• **What you are asked to do**:
No pictures, please. Copy exactly the lines from the one with "Colorful Bead Ball" through the final line below.
*** Opening of Material for the task ***
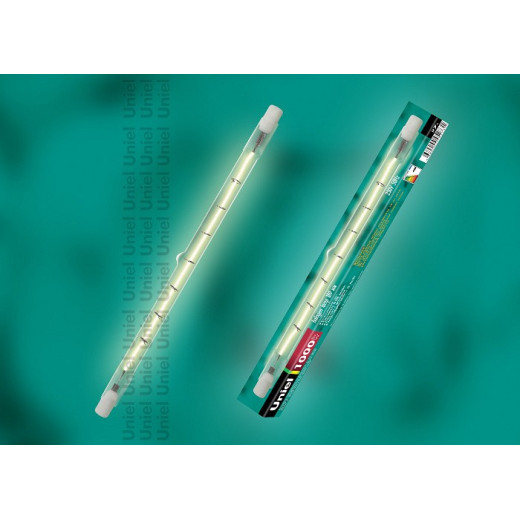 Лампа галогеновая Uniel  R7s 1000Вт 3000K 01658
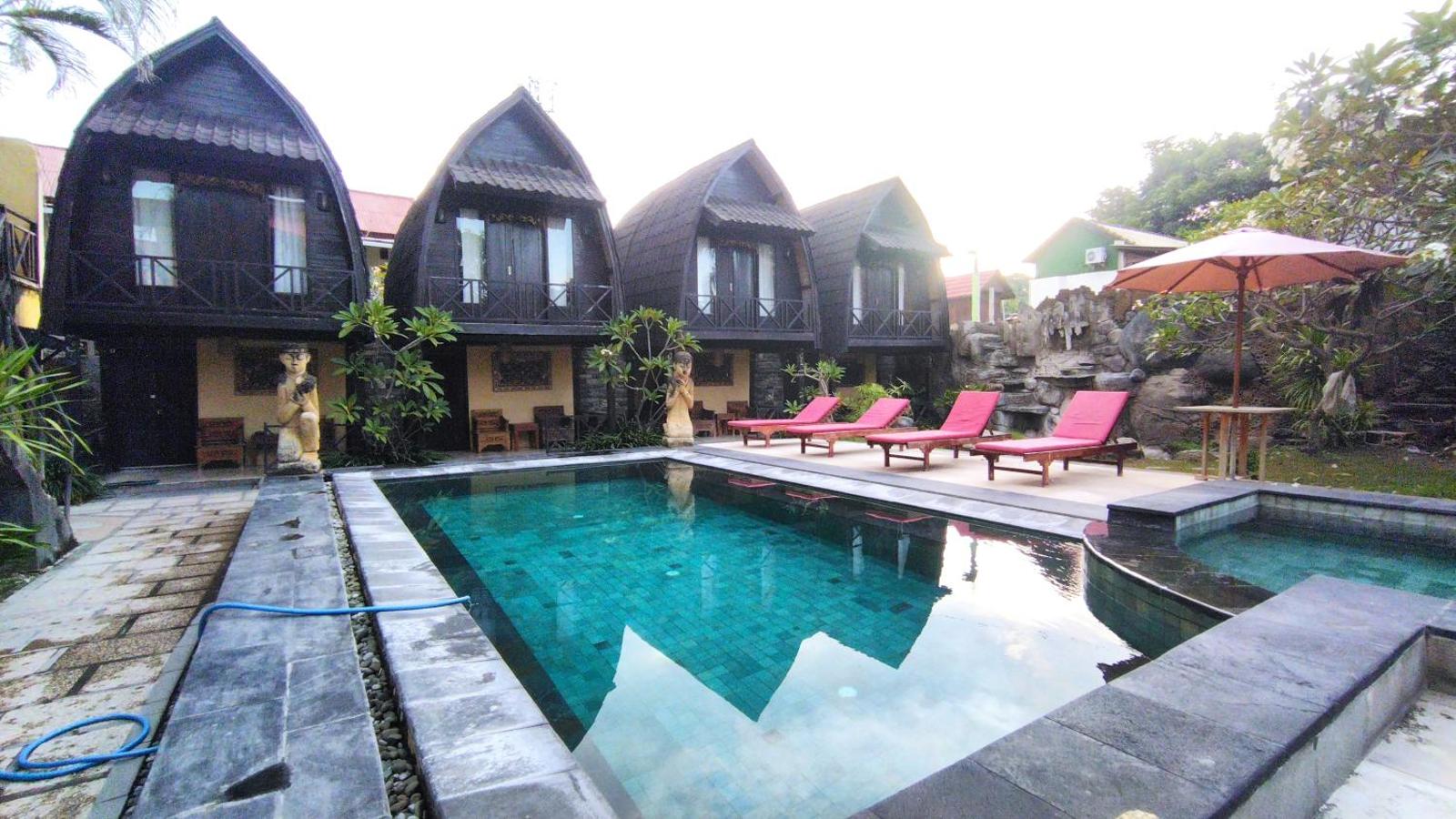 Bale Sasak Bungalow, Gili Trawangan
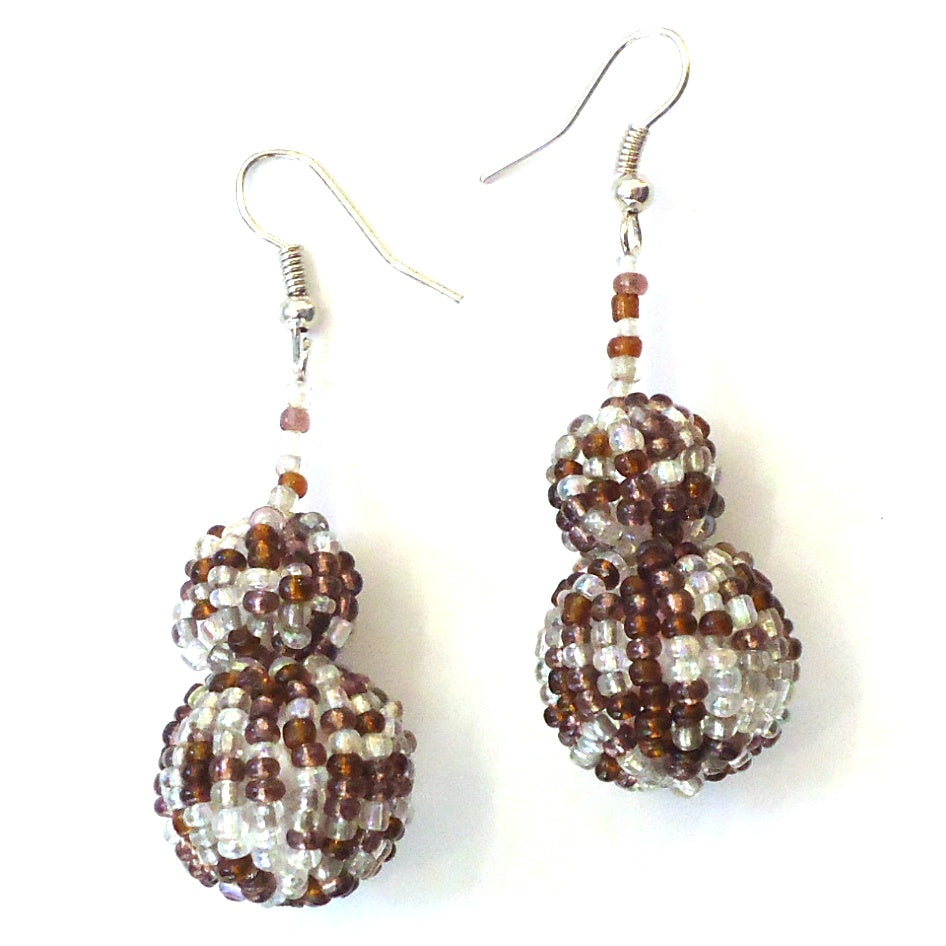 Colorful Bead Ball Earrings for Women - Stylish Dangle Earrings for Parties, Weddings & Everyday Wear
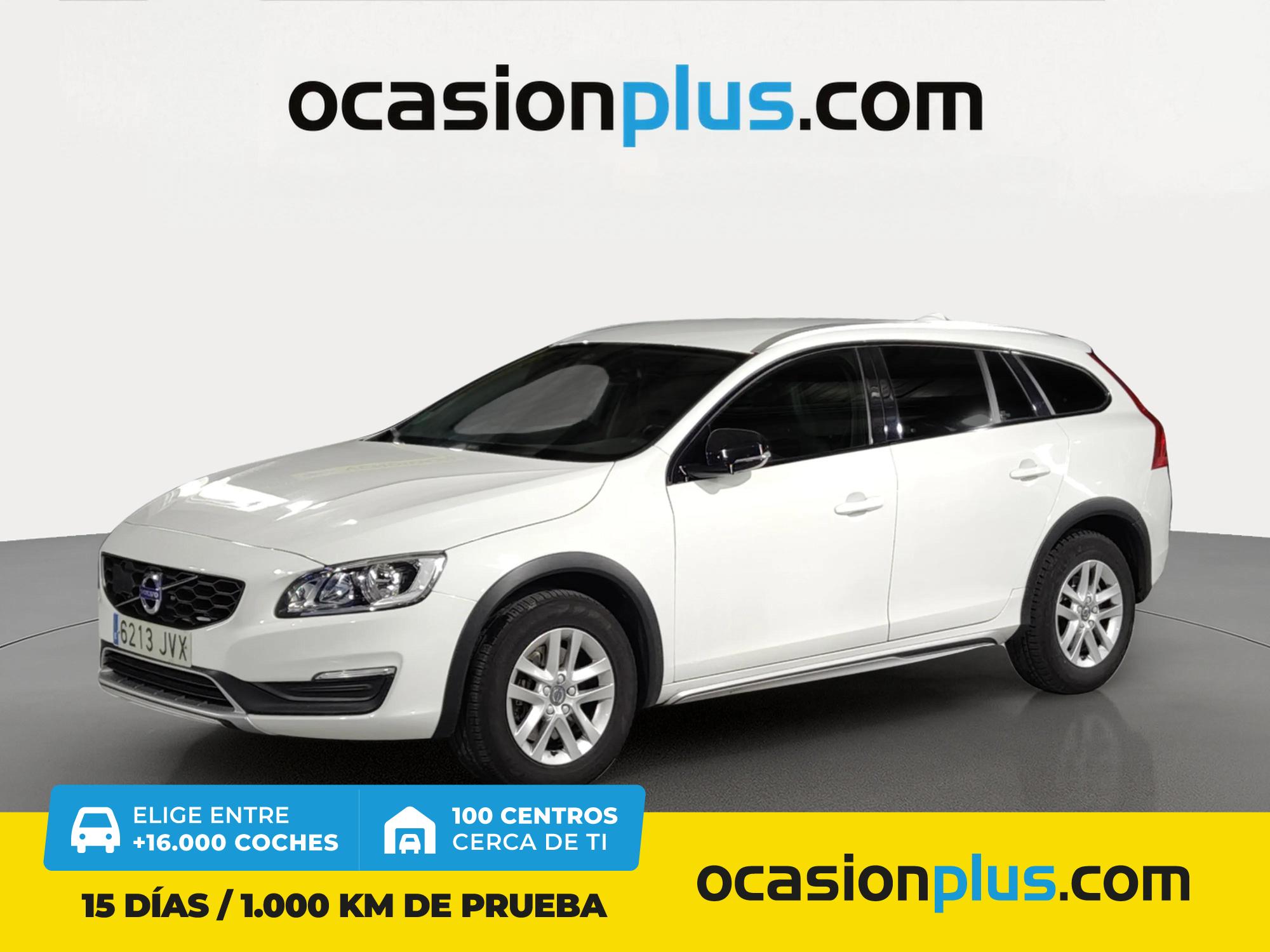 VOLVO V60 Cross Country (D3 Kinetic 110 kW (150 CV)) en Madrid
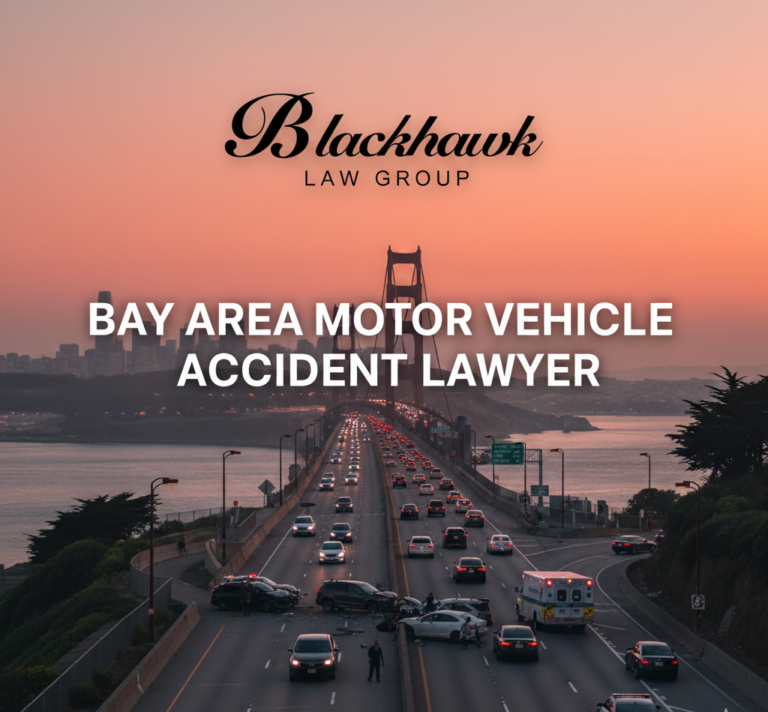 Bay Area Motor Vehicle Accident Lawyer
*** Close of Material for the task ***
• **Task result**:
 Colorful Bead Ball Earrings for Women - Stylish Dangle Earrings for Parties, Weddings & Everyday Wear
 VOLVO V60 Cross Country (D3 Kinetic 110 kW (150 CV)) en Madrid
 Bay Area Motor Vehicle Accident Lawyer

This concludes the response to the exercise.